WHAT TO DO:
The answer must be an exact reprint of the lines from the one with "Pet Stroller 3" through the final line of the data, with no pictures included.

____

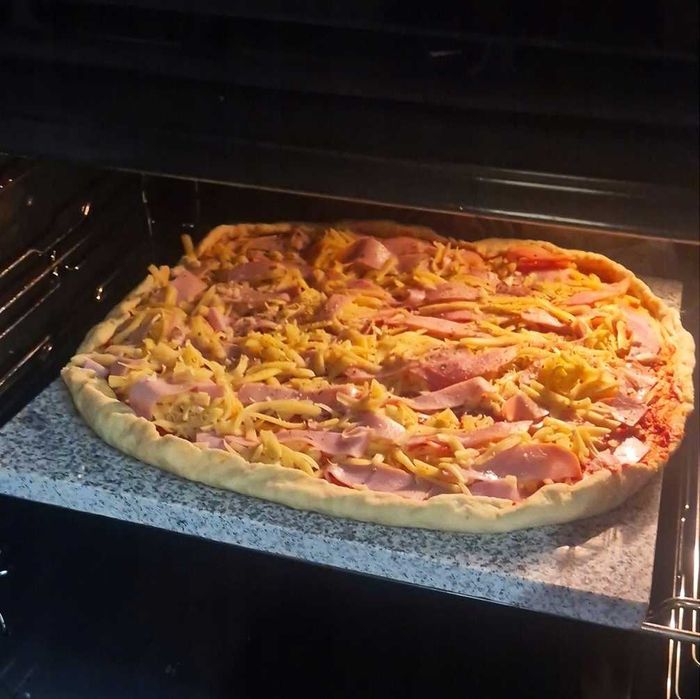 Kamień do Pizzy 36x38 cm Łopatka Granitowy do Pieczenia Grilla Deska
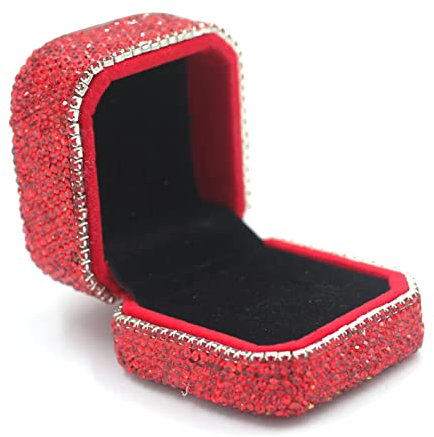 Bestbling Caja de cristal de lujo para anillos, pendientes, colgantes, joyas, caja de almacenamiento para anillo de propuesta, ceremonia, aniversario de boda, día de San Valentín (rojo)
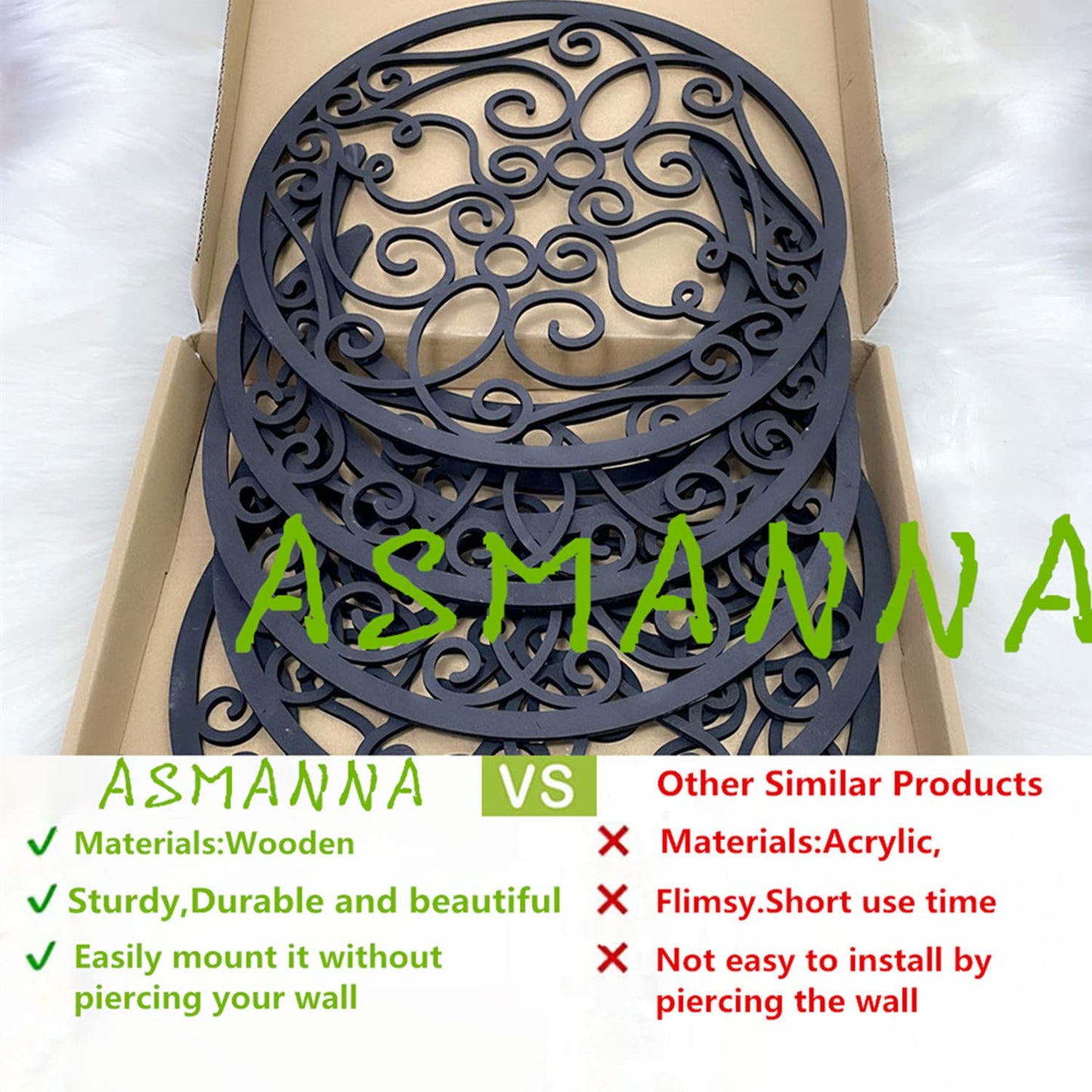 ASMANNA 5 Pieces Moon Decoration Wall Decoration Wooden Moon Phase Wall Hanging Bohemian Style Bedroom Home Wall Decor Bohemian Lunar Aesthetic Art for Bedroom Living Room Dorm Apartment Office(black)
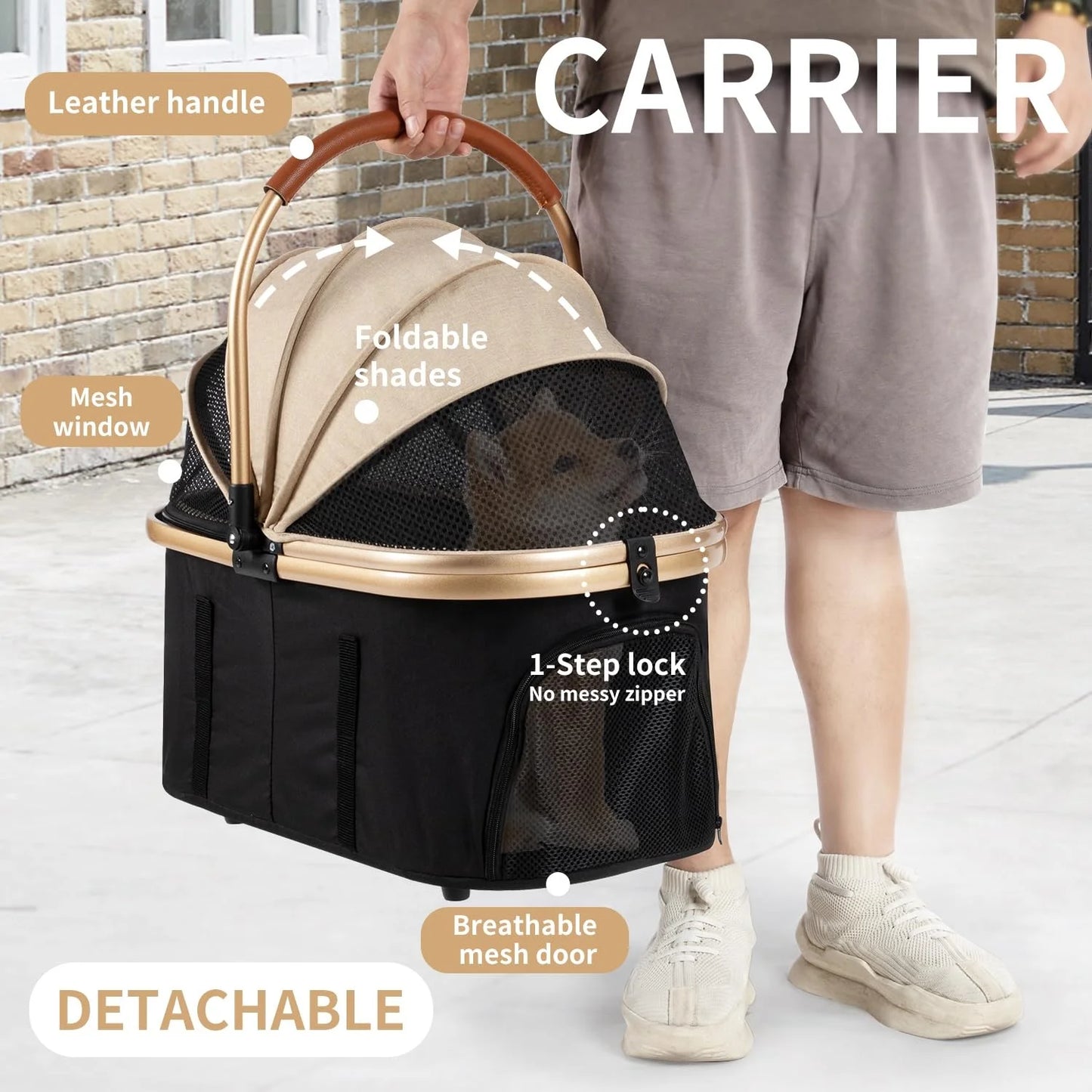 Pet Stroller 3 In 1 Foldable 4 Wheel For Small Medium Pets 50lbs Capacity Detachable Portable Travel Carrier With Storage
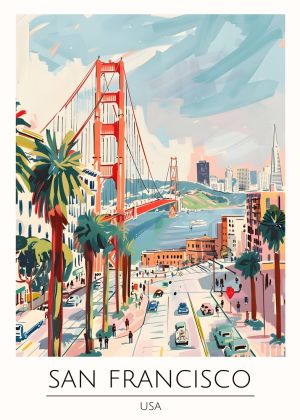 Golden Gate Bridge and San Francisco Skyline wall art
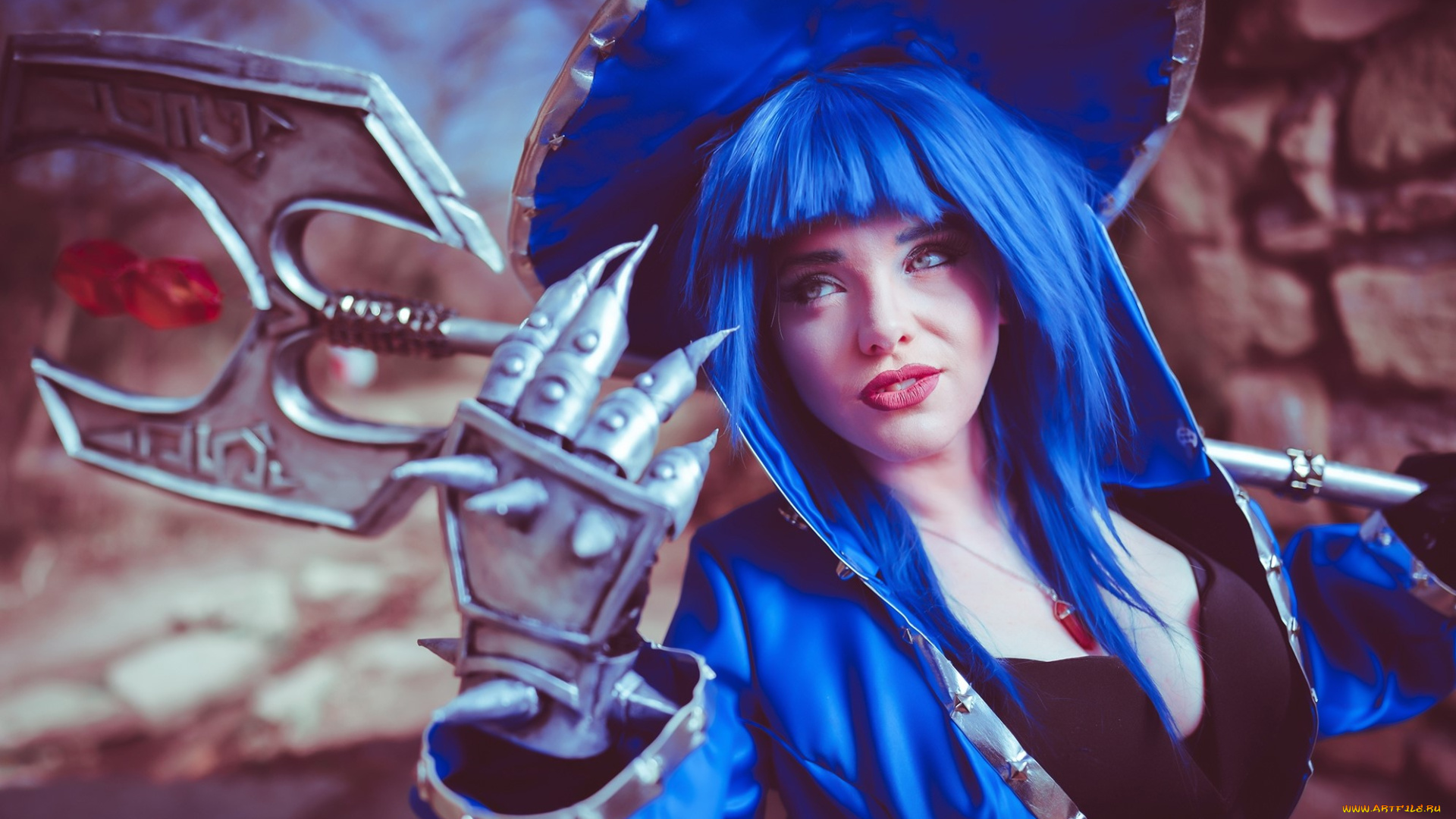 девушки, -, креатив, , косплей, костюм, оружие, шляпа, перчатка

____

EXPECTED ANSWER:
 Pet Stroller 3 In 1 Foldable 4 Wheel For Small Medium Pets 50lbs Capacity Detachable Portable Travel Carrier With Storage
 Golden Gate Bridge and San Francisco Skyline wall art
 девушки, -, креатив, , косплей, костюм, оружие, шляпа, перчатка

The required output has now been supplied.